5 top growth funds to invest in long-term Focusing on growth stocks was one of the best-performing investment strategies of the previous ten years. These are the shares of businesses that, in comparison to their sector rivals, are anticipated to produce larger sales, profitability, and cash flow. As a result, amid advantageous economic circumstances, such as a bull market with low interest rates, their share values might increase quickly.
Invesco NASDAQ 100 ETF
The Nasdaq 100, which follows the 101 biggest non-financial businesses listed on the Nasdaq stock market, is a well-liked passive indexing choice for American growth investors.

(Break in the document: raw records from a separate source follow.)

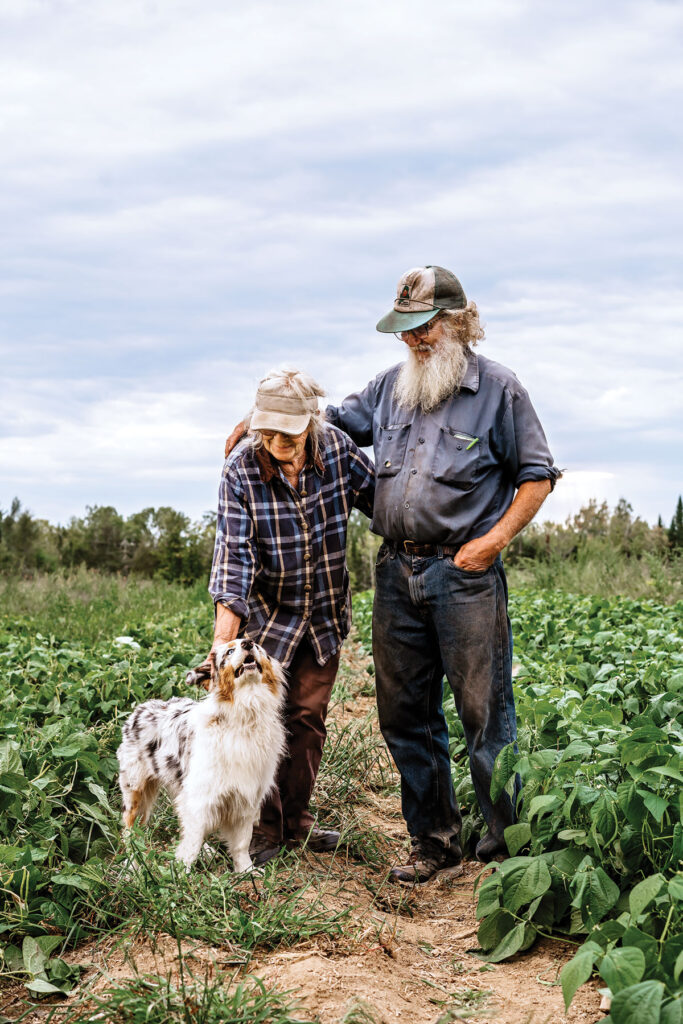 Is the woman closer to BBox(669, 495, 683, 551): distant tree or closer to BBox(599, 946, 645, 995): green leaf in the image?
BBox(599, 946, 645, 995): green leaf

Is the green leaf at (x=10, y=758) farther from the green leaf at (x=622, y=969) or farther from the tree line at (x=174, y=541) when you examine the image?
the tree line at (x=174, y=541)

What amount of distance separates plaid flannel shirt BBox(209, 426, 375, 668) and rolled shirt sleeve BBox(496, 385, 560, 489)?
2.85ft

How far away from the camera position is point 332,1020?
10.3 feet

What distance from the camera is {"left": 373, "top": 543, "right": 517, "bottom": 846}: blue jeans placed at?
4.73 metres

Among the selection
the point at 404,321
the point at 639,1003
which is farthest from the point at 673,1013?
the point at 404,321

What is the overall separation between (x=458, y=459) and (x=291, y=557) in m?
1.00

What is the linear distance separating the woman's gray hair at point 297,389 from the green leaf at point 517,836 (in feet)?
6.69

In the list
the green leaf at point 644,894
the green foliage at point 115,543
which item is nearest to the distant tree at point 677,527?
the green foliage at point 115,543

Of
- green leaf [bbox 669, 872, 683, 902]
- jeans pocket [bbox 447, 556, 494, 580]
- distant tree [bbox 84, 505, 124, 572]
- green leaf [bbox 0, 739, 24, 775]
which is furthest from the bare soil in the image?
distant tree [bbox 84, 505, 124, 572]

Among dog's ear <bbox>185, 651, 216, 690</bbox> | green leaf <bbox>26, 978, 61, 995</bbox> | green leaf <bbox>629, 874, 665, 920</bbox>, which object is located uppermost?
dog's ear <bbox>185, 651, 216, 690</bbox>

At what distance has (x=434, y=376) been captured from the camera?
16.0ft

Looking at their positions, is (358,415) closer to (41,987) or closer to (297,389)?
(297,389)

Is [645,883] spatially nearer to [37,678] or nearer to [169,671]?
[169,671]

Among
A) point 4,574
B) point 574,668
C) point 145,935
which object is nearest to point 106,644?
point 574,668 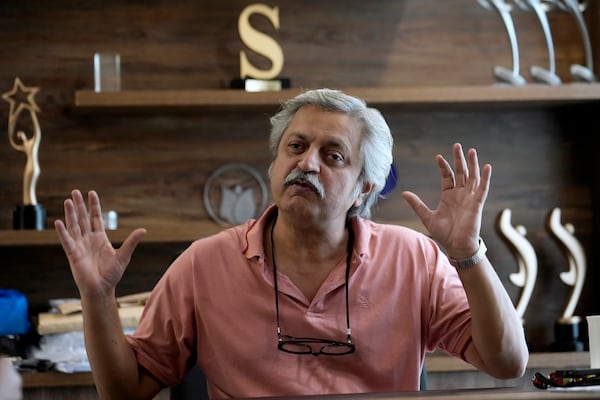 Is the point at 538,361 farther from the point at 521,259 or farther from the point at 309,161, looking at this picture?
the point at 309,161

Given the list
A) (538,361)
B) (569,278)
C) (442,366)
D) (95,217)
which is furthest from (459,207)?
(569,278)

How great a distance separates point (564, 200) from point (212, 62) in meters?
1.41

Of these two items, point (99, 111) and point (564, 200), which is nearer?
point (99, 111)

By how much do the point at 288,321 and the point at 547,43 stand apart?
2099 mm

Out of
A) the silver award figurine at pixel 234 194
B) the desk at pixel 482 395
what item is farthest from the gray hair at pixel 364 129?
the silver award figurine at pixel 234 194

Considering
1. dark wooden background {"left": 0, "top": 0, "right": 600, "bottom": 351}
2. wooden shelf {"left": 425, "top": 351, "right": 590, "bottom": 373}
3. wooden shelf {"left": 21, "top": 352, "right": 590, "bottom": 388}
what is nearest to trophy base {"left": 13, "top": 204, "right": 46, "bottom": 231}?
dark wooden background {"left": 0, "top": 0, "right": 600, "bottom": 351}

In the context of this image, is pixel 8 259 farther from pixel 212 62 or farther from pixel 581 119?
pixel 581 119

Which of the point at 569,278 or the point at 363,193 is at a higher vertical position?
the point at 363,193

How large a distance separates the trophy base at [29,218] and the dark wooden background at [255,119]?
18 centimetres

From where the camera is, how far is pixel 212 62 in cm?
381

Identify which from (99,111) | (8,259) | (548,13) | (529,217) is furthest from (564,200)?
(8,259)

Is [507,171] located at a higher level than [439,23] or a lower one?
lower

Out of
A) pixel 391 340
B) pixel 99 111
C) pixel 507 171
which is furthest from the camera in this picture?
pixel 507 171

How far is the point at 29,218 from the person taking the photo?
140 inches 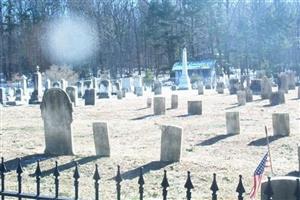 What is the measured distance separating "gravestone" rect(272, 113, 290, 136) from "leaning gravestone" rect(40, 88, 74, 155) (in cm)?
540

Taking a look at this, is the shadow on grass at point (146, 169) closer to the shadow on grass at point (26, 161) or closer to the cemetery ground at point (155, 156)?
the cemetery ground at point (155, 156)

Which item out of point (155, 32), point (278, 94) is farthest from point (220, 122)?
point (155, 32)

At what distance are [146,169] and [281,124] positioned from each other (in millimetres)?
5145

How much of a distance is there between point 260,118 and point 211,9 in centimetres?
5116

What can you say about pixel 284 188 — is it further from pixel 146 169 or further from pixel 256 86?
pixel 256 86

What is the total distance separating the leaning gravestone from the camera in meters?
11.0

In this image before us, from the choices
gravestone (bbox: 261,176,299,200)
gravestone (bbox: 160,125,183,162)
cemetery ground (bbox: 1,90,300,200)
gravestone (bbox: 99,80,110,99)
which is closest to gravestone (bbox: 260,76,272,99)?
cemetery ground (bbox: 1,90,300,200)

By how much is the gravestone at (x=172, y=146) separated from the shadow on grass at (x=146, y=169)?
17cm

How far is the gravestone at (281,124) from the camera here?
12875 mm

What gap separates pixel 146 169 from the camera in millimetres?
9219

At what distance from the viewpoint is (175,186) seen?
309 inches

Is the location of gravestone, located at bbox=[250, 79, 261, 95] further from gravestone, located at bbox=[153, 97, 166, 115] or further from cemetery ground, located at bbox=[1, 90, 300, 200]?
cemetery ground, located at bbox=[1, 90, 300, 200]

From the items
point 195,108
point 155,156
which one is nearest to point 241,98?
point 195,108

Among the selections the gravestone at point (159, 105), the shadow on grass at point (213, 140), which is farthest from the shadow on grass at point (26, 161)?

The technology sector accounts for 50% of the weighting in this index, and its top holdings include megacaps like Meta Platforms Inc. (META), Apple Inc. (AAPL), Amazon.com Inc. (AMZN), Netflix Inc. (NFLX), and Alphabet Inc. (GOOG, GOOGL). The Nasdaq-100 index has rebounded regularly to offer big bursts of outperformance, returning an annualised 15.9% over the previous 10 years despite being vulnerable to significant drawdowns, such as during the 2000 dot-com boom and the 2008 financial crisis. QQQM, which has a 0.15% charge, is a wonderful method to purchase and hold the Nasdaq 100 for the long term.
Vanguard Growth ETF
Given that it doesn’t include banking equities and those that aren’t traded on the Nasdaq stock market, the Nasdaq 100 may not be to certain investors’ tastes. VUG, which passively follows the CRSP US Large Cap Growth Index, is a more diversified choice. Apple, Meta, and Alphabet once more figure among the top holdings of VUG, which like QQQM has a 49% lean toward the technology sector. Nvidia Corp., Tesla Inc., and Microsoft Corp. are a few more prominent top holdings (NVDA). The ETF’s low dividends make it an excellent investment for taxable accounts. VUG has an expenditure ratio that is only 0.04%, making it less expensive than QQQM.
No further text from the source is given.